Bilal Kayed, convicted member of Palestinian terror organization, demands release from administrative detention.

Arutz Sheva Staff ,

Ramallah protest for hunger-striking terrorists
Ramallah protest for hunger-striking terrorists
Flash 90

The health of a Palestinian terrorist on hunger strike for a month in protest at his detention without trial by Israel is deteriorating, a Palestinian official and family members warned Thursday.

Bilal Kayed began his hunger strike last month in protest at his internment under Israel's administrative detention law, which allows the country to hold prisoners without trial for renewable six-month periods.

He had served a 14-and-a-half-year sentence for activities in the Popular Front for the Liberation of Palestine terrorist organization, and was due to be released on June 15.

However, Israeli authorities then placed him under administrative detention, prompting him to begin the hunger strike.

Issa Qaraqe, head of the Palestinian Authority's commission for detainee affairs, said Kayed had been transferred to hospital twice in the past 24 hours due to failing kidneys.
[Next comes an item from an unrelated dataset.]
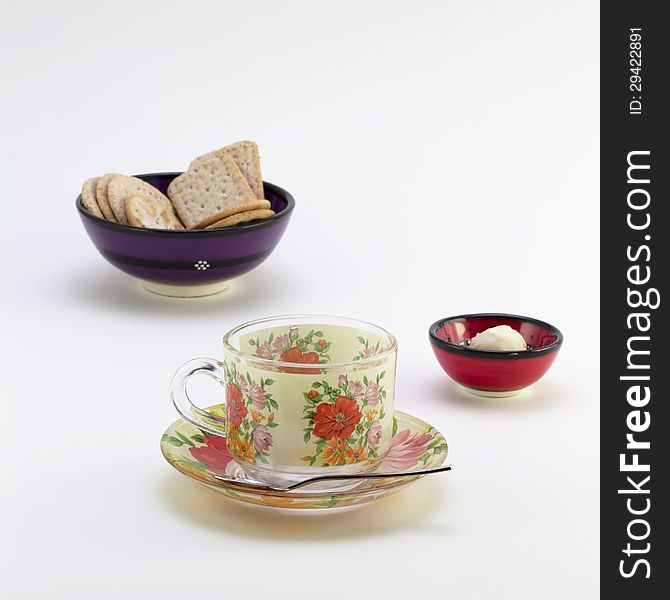 Tea cup with saucer and bowls with cookies and candy. Tea cup with saucer and bowls with cookies and candy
The 35-year-old from near Shechem has lost about 30 kilograms and is "refusing medical inspections and won't take anything but water," Qaraqe added.

Kayed's brother Mohammed said the Israeli authorities were responsible for his health.
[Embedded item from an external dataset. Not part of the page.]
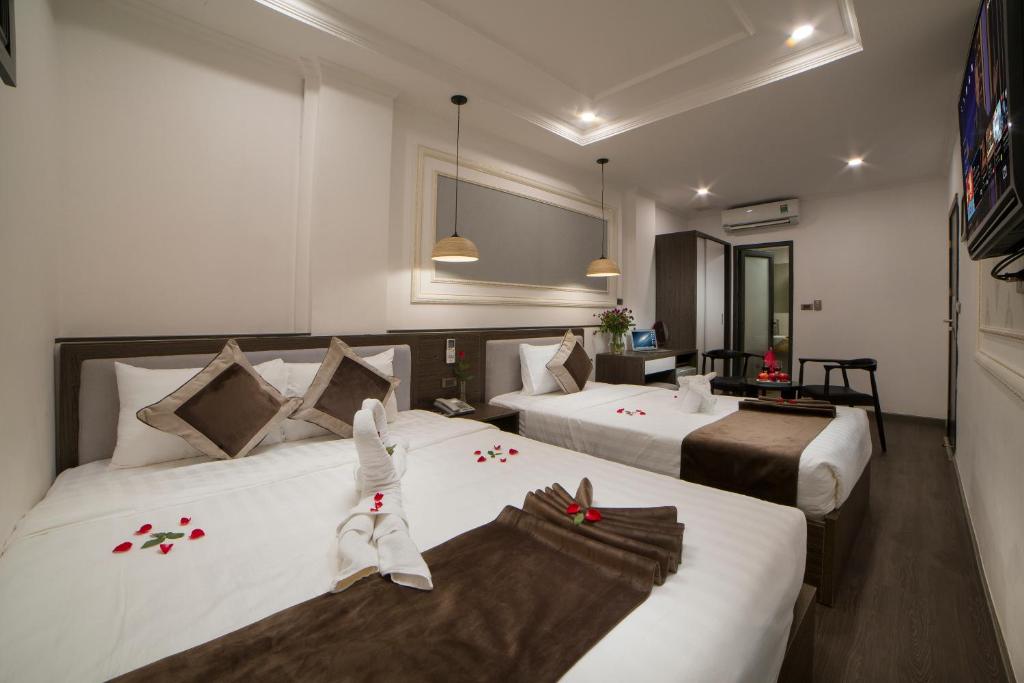 Postel nebo postele na pokoji v ubytování Galliot Central Hotel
A spokesman for the Israel Prisons Service confirmed his hunger strike without giving further details, while the Israel Security Agency (ISA, also known as the Shin Bet or Shabak) refused to discuss the reason for his detention.

Administrative detention is intended to allow authorities to hold suspects while continuing to gather evidence, with the aim of preventing further attacks in the meantime.

Of more than 7,500 Palestinians currently in Israeli jails, around 700 are being held under administrative detention, Palestinian rights groups say.

Palestinians have regularly gone on hunger strike to protest their detentions.